米FCCがデジタル移行対応策発表


米国では地上波テレビ放送の完全デジタル移行が6月12日に設定されている。その期限まで1ヶ月となった13日、米連邦通信委員会(FCC)がデジタル放送に未対応の世帯を念頭に作業プランを発表した。FCC委員長代行を務めるマイケル・コップス氏は声明の中で、「多くの市民にとってテレビは、ニュースや天気、さらには市民の安全のための主な情報取得源となっている。すべての国民が6月12日以降もテレビが見られる態勢をつくるため、(向こう1月間)不眠不休の努力をしなければならない」と強調した。


FCCによれば未対応世帯を、低所得世帯、少数民族グループ、英語を話さない世帯、高齢者世帯、身体障害者世帯、農村地域の6つのグループに分け、対処していくことにしている。具体的には、デジタル・チューナー(受信機)とアナログ・テレビの接続方法などが実習できる「ウォークイン・センター」を全国400箇所に開設するほか、移動式の「ヘルプ・クリニック」を12000箇所用意するなどとしている。このほか、コールセンターを4000人態勢に増員したり、チューナーの接続方法やアンテナの設置方法が分からない世帯に技術者を送る無料出張サービスも展開する予定だ。出張サービスは全米約22万軒の設置援助が可能だという。

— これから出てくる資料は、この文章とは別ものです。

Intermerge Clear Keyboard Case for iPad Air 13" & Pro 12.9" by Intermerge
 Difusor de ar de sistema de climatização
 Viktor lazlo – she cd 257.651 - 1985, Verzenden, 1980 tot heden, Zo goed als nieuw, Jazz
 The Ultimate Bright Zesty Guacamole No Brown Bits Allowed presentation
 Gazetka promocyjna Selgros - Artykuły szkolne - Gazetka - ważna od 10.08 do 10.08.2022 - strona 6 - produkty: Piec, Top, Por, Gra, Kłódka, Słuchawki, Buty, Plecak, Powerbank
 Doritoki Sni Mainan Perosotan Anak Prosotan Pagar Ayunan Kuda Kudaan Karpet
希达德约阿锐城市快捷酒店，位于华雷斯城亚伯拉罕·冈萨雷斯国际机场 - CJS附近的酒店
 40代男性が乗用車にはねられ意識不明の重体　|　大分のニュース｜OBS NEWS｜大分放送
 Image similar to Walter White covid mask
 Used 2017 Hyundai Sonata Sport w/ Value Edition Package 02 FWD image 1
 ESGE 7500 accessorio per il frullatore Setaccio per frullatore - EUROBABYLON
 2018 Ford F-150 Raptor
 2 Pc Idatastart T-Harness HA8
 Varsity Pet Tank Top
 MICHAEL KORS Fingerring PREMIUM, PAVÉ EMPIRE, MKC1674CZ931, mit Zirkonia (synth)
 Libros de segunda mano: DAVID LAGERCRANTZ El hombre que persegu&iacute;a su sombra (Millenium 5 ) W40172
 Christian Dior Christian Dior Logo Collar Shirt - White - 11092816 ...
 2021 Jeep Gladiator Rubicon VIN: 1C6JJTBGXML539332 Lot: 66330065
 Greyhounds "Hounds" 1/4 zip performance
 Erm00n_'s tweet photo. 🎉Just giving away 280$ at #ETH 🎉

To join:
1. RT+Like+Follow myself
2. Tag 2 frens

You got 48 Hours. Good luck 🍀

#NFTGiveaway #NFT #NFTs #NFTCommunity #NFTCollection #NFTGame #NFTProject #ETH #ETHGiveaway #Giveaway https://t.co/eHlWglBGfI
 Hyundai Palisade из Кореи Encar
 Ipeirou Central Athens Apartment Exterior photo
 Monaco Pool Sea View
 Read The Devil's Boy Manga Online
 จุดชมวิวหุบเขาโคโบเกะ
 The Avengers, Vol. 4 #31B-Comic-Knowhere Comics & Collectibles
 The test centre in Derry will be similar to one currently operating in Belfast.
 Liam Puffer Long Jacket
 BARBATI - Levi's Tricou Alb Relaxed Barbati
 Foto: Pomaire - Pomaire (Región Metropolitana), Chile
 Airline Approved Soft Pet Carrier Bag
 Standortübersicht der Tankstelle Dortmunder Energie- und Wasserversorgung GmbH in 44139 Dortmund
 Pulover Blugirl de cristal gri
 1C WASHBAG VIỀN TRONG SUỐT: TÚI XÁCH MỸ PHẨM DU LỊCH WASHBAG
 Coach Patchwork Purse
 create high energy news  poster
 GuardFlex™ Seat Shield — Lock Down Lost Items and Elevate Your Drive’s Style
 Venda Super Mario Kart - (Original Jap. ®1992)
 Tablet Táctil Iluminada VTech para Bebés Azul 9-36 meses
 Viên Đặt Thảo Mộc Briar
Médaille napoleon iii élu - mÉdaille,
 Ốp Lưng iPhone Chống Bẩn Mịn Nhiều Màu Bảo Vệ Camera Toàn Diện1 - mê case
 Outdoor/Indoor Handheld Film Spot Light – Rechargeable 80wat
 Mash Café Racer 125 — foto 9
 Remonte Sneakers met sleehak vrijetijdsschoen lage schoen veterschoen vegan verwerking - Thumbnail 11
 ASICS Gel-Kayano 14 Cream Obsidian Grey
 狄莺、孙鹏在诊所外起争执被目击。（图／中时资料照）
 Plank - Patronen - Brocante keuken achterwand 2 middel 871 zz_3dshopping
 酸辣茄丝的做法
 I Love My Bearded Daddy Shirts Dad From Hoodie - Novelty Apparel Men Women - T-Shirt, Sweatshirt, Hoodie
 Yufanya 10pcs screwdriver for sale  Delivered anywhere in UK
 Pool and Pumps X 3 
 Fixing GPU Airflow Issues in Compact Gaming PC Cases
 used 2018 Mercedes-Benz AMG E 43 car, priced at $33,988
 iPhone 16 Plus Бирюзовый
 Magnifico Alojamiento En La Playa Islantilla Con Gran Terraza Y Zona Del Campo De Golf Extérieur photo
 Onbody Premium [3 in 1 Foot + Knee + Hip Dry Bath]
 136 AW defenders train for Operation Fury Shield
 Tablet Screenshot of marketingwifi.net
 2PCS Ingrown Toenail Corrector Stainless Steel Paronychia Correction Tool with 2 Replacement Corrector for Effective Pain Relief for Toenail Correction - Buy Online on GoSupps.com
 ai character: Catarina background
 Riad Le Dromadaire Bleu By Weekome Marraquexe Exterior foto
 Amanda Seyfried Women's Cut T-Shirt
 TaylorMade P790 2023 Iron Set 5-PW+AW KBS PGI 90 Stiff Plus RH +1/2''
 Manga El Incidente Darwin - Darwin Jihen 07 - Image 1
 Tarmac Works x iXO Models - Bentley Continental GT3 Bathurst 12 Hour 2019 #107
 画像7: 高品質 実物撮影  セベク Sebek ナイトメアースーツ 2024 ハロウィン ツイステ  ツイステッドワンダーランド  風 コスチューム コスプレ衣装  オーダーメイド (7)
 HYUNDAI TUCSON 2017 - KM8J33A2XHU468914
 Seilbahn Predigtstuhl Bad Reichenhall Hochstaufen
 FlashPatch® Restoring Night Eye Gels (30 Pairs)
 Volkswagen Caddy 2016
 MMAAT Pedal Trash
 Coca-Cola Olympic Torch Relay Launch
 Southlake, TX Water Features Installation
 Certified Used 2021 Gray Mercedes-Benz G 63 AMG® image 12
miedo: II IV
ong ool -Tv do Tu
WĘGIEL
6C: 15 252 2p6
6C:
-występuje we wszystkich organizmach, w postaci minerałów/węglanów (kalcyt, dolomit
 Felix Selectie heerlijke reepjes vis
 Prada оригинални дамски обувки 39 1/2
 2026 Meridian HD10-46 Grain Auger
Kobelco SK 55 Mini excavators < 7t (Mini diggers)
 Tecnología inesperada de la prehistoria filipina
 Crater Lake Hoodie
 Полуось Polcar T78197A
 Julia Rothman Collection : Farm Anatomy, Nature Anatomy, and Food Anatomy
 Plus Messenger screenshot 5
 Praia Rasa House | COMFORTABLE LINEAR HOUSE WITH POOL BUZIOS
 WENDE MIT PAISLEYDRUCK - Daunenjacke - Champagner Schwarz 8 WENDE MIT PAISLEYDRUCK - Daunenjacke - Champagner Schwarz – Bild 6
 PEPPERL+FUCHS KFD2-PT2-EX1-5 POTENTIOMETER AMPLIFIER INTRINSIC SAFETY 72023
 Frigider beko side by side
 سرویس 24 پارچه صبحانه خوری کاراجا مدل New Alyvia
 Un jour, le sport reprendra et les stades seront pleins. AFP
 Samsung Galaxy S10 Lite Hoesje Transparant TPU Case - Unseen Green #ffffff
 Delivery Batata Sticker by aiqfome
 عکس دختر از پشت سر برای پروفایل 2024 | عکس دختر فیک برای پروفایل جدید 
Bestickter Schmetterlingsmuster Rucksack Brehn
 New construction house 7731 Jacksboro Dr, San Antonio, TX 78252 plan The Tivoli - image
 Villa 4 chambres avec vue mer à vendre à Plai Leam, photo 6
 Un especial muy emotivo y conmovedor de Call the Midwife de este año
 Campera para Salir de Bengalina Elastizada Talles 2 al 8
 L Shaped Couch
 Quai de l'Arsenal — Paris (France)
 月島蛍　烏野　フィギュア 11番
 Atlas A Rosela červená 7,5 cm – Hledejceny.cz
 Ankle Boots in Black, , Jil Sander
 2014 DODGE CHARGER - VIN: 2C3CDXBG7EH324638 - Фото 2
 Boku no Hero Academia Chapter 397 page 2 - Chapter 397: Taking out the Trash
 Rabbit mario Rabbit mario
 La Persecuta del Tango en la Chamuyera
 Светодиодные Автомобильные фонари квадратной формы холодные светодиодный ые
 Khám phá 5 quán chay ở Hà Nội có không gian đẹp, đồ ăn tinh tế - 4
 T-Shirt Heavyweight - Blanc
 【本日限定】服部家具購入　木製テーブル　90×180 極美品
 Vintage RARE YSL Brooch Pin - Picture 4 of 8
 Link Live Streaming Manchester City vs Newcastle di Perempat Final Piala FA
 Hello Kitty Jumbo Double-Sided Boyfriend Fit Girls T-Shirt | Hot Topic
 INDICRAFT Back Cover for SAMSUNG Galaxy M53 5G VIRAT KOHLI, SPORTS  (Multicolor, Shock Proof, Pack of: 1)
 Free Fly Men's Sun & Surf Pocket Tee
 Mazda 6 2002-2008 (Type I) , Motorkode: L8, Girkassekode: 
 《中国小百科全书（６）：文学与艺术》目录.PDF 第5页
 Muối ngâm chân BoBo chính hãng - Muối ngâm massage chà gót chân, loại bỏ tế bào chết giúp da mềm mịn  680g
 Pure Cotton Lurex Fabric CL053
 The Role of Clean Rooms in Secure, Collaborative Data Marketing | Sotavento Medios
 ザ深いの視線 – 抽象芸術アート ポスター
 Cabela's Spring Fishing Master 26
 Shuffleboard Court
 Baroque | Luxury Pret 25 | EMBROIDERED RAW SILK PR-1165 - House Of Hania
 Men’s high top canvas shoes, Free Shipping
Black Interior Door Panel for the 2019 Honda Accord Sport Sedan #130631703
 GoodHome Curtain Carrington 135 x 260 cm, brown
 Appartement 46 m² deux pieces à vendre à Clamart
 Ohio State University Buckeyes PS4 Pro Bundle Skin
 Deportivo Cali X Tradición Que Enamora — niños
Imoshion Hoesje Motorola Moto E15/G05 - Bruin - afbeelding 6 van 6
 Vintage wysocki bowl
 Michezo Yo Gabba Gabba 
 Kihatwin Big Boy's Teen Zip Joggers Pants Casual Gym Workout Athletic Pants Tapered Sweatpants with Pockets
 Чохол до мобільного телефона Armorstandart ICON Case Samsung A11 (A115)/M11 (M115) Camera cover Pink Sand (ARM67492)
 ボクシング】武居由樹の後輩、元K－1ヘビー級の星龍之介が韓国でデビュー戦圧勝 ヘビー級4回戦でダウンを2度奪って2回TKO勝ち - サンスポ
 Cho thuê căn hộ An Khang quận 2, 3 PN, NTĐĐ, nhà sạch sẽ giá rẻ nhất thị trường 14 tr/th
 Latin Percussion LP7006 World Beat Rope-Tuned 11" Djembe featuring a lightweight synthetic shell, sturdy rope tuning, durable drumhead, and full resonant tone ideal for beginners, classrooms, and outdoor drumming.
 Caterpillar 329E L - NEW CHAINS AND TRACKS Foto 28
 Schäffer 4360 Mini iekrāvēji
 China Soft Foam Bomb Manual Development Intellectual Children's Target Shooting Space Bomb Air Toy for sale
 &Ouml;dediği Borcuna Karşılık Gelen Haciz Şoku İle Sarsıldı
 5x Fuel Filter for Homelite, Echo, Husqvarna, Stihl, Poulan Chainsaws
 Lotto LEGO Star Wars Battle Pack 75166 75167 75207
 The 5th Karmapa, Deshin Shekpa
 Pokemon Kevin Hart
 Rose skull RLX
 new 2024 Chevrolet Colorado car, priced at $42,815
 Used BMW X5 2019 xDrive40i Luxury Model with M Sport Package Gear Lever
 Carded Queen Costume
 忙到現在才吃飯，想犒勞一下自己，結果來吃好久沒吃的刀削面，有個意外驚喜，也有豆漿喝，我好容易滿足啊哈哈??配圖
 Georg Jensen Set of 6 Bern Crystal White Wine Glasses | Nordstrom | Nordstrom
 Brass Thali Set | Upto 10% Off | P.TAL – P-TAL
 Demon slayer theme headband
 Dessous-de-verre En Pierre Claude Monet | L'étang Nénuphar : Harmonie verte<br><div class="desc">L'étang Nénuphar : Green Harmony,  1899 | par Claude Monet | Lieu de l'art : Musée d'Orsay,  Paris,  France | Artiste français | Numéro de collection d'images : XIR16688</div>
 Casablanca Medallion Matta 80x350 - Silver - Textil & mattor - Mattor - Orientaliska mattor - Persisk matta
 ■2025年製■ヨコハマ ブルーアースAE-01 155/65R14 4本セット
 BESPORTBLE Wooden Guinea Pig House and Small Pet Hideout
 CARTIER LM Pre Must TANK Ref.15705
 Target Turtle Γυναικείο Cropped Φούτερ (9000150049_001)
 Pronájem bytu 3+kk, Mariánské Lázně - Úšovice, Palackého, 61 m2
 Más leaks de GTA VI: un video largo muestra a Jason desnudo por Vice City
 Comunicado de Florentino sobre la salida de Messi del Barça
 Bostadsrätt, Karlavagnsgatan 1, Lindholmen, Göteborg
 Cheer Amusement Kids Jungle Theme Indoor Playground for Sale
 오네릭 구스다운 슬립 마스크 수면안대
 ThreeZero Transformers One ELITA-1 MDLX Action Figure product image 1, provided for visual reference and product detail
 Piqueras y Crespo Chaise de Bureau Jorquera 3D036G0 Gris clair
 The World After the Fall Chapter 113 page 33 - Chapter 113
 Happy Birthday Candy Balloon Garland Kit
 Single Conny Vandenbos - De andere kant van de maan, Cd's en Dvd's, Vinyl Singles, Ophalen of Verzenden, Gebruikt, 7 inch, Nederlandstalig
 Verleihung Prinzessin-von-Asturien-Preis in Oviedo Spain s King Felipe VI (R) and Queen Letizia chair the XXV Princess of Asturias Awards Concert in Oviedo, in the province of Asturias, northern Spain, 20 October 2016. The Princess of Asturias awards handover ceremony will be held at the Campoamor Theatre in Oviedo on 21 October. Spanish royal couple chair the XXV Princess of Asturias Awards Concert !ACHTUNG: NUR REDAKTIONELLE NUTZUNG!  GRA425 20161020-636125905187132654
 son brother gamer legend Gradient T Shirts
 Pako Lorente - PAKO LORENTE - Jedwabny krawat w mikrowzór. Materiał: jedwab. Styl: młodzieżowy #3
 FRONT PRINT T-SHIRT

ニールセン社が13日発表した調査結果では、全米テレビ世帯の2.9%にあたる330万軒が、デジタル放送未対応世帯にみなされた。これらの世帯は屋内外アンテナをアナログ受像機に接続しテレビ番組を視聴している直接受信世帯。ケーブルテレビや衛星放送に加入し、テレビ視聴している世帯は、完全デジタル移行後もなんらの影響も受けない。